Dallas activist group calls on DOJ to investigate the Dallas Police Department
DALLAS – A local activist group is calling on the federal Department of Justice to investigate the Dallas Police Department for what it calls unconstitutional policing.
The CBS News Texas I-Team exclusively obtained a copy of the formal complaint sent to the DOJ by Mothers Against Police Brutality. In the letter submitted Thursday, the activist group asks for a federal investigation into what it describes as "a city that prioritizes hiding disturbing trends of police violence from public view."
The DOJ has investigated other departments in recent years, including in Minneapolis after George Floyd's murder in 2020. In some cases, these investigations have led to major reforms.
The I-Team reached out to the Dallas Police Department for comment Thursday afternoon. A department spokesperson said the complaint filed with the DOJ has not been shared with Dallas police, but added the department takes the issues addressed in the complaint seriously and has "worked proactively for years to promote and uphold the highest standards of policing."
The complaint cites what the group says is extensive data analysis of police records that reveal Dallas' use of deadly force disproportionately falls on Black and Latino populations. According to an analysis by the group, independently confirmed by CBS News, 49% of Dallas police shootings involved Black residents between 2003 and 2017. In cases when the victim was unarmed, 59% of people shot by police were Black. In Dallas, 24% of the population is Black.
The 19-page complaint also accuses Dallas police of a "half-century of unaccountable police brutality." From 1990 to 2021, according to police data referenced in the letter, Dallas police conducted internal investigations on more than 3,000 cases of alleged excessive force. Internal investigators determined officer wrongdoing in less than 200, or 6%, of those cases.
The complaint references the case history of former officer Christopher Hess as an example of how activists say Dallas police officials have allowed officers' use of force to go unchecked.

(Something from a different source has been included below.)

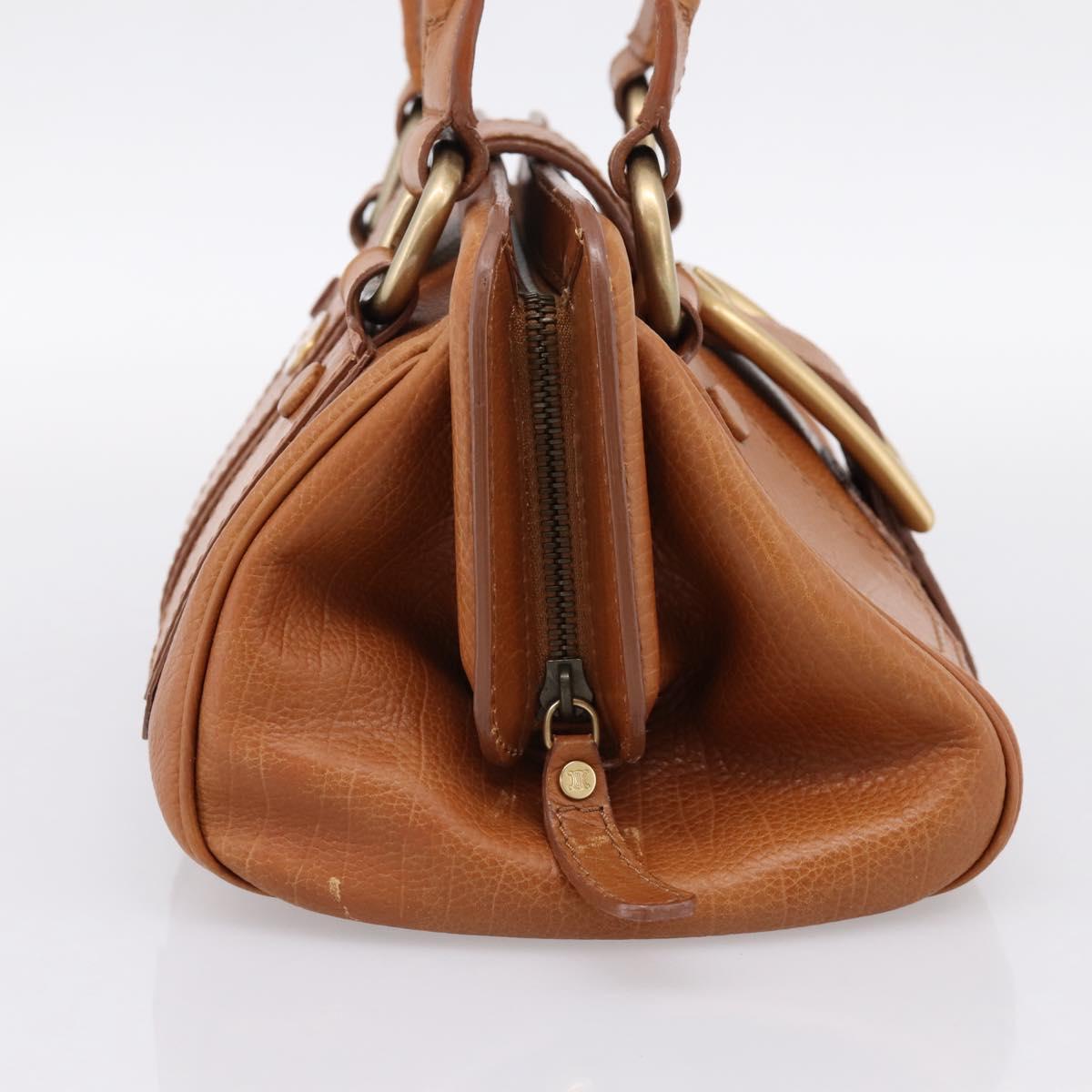 CELINE Doctors Hand Bag Leather Brown Gold Auth 199386A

Hess had 42 misconduct complaints and had been investigated 10 times for using excessive force during 10 years with DPD. He remained on patrol until January 2017, when he shot and killed 21-year-old Genevive Dawes while checking on a call for a suspicious vehicle.
Police body camera video from the shooting shows officers were unable to see inside the parked SUV because it was dark and the windows were fogged. Police said a license plate check indicated that the vehicle was stolen. After failing to respond to commands from officers, the driver, later identified as Dawes, turned it on and slowly backed up. Hess fired his weapon into the SUV 12 times.

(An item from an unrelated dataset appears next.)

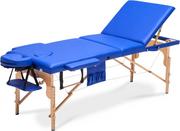 Łóżka - BODYFIT BODYFIT Łóżko do masażu, 3 segmentowe, niebieskie, 195x70,5 cm - miniaturka - grafika 1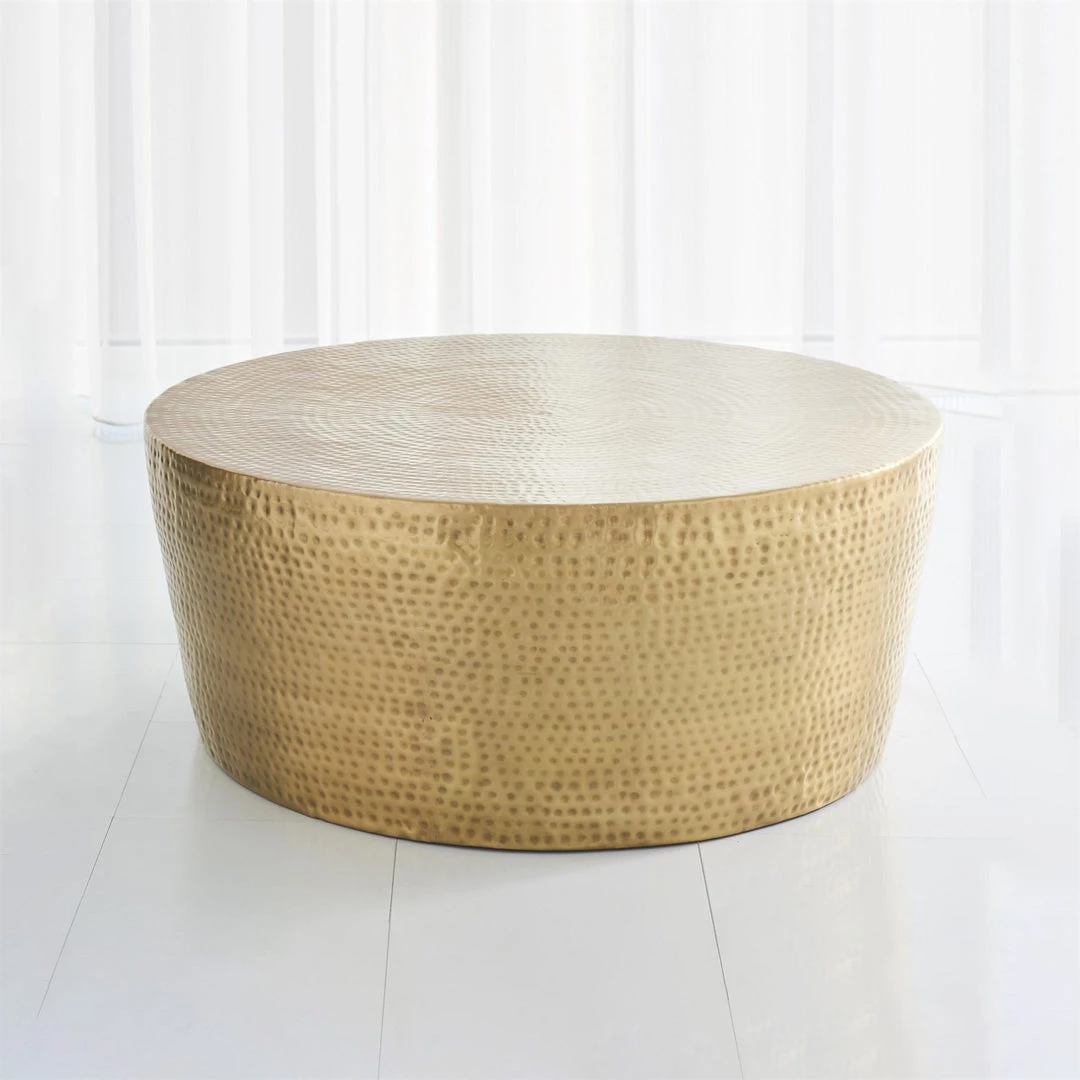 Studio A Izmir Hammered Cocktail Table Antique Brass 1 Studio A Izmir Hammered Cocktail Table Antique Brass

After an internal investigation, Hess was fired six months later. He was indicted by a grand jury for aggravated assault by a public servant but was found not guilty in 2020. The I-Team reached out to the attorney who represented Hess in his criminal case but did not hear back.
The founders of Mothers Against Police Brutality, Collette Flanagan and John Fullinwider, signed the letter to the DOJ, along with a civil rights attorney and a civil rights researcher.

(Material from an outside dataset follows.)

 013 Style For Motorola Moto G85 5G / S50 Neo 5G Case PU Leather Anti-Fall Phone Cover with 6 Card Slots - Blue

In 2013, Flanagan started Mothers Against Police Brutality after her son, Clinton Allen, was killed by a Dallas officer. Allen was choking the officer, according to police, when that same officer shot him seven times. Allen was unarmed.
Dallas ranked third in the nation in annual killings by police between 2009 to 2012, according to a Harvard study, with a rate of 5.84 fatal police shootings per 1 million population.
The I-Team also reached out to the DOJ for comment. A spokesperson confirmed it received the complaint, but declined to comment further.